裕平さん:あと、難しいのは、アーティストって自由に見えるけど、実際には職業としてめちゃめちゃ洗練されてるじゃん。マーケットもすごいし。他にも色々あるけど、簡単に足を踏み入れてしまうのは、本気でアーティストになりたい人に失礼だとも思ってしまう。

ひかる:そうですよね。

裕平さん:自分はあくまでもデザイン的思考で、お題に対して打ち返すほうが得意だと思ってる。でも学生の時にそう決めつけちゃってる自分もいるのかなぁ。

ひかる:裕平さんは、アーティストになりたいと思ったことあるんですか?

裕平さん:あ、それはあるある。広告目指し始めたのは大学3年生の時で、その前はアーティストなりたかったよ。メディアアートを意識してたかな。立体とかもやってたよ。

ひかる:マジスカ!どんなの作ってたんですか?

裕平さん:うーんとね、動物の鼓動の回数って大体みんな一緒って言われてるの知ってる?

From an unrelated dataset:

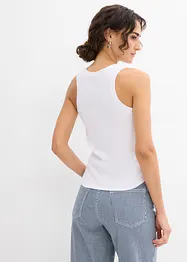 Singlet med pyntestikninger, bonprix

ひかる:速さが違うだけで 一生の合計心拍数はネズミもゾウも人間も変わらないみたいな感じのやつですよね?

The rate of living theory postulates that the faster an organism's metabolism, the shorter its lifespan. First proposed by Max Rubner in 1908, the theory was based on his observation that smaller animals had faster metabolisms and shorter lifespans compared to larger animals with slower metabolisms. Quote:

調べたところ、科学的に正確な法則というより部分的に当てはまる経験則らしいです。

裕平さん:そう、それを三角錐で表現したのね。底面を体のサイズ、高さを時間かな?いろんな動物の三角錐を作って、「鼓動のスピードが異なっても三角錐が埋まるのは同時」みたいな視覚表現を、それぞれの動物の鼓動を流した暗い部屋でプロジェクションマッピングを使ってやったわけ。

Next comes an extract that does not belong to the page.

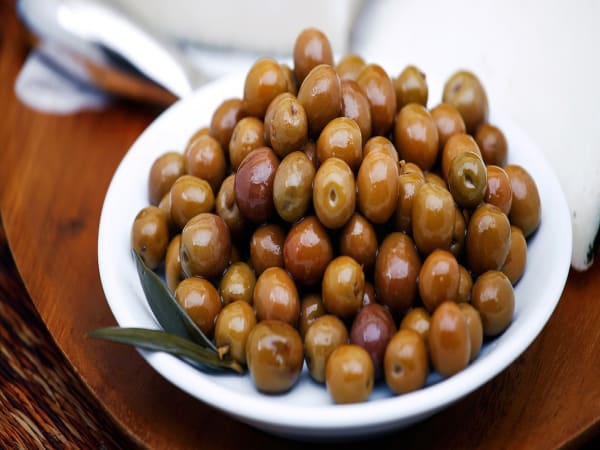 Order ARBEQUINA OLIVES Online - Rococo Acland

ひかる:なるほど、なんか成り立ちそうな気がしますね。

裕平さん:これを大学2年生の時に作って結構褒められて。小さな美術雑誌とかにも紹介してもらってさ。その時は少しだけメディアアーティストになりたいなって思ってたんだけど、、、なんかその後のたった2年しか広告触れてないのに興味を持ったから、なんか広告は好きだったんだろうな。あ、今も好きだよ。

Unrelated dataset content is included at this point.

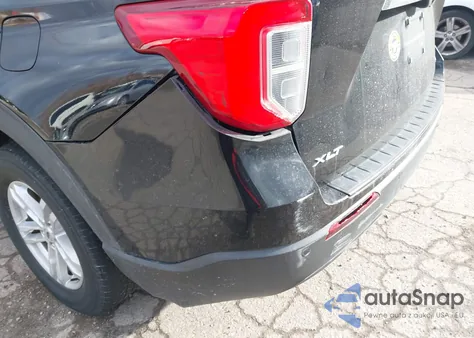 2020 Ford Explorer Xlt z USA, uszkodzony, nr VIN 1FMSK8DH1LGC72808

ひかる:そうなんですね。なんか裕平さんがそう思うのわかる気がします。なんか裕平さん仕事を見てて、広告屋としてやるべきジョブの中に何か情緒的なものを感じてました。まだデザインもアートもわかってないですが、アーティストじゃない立場で、アート的な価値を生み出したいなと思って僕もこれから勉強しに行きますし…

裕平さん:めっちゃ羨ましいよ〜、そうやって自分にとって新しい勉強ができるの。あと、ほんと応援してるよ。

ひかる:嬉しいです。なんか、僕もっと勉強して力つけたら、、、一緒にそういうプロジェクトいつかやりましょう。

裕平さん:そうだね〜今は俺もキャパがね…笑

ひかる:いや、僕も今やってもまじで無力なんで笑 3年後とか5年後とか、卒業して自信つけてから。あと、今言語化できていない「やりたいこと」の正体がわかったら連絡します。

裕平さん:THの新しいCCOとして戻ってきて、俺がひかるの部下になってるかもな笑

ひかる:や、それがあるとしたらNikiですね。

Niki:ちょやめてよwww

アートかビーフンか白厨, Tokyo

僕の好きな裕平さんのワーク。こういうことをいつか一緒にやりましょうと言った時、二つ返事でOKもらえるように精進中です。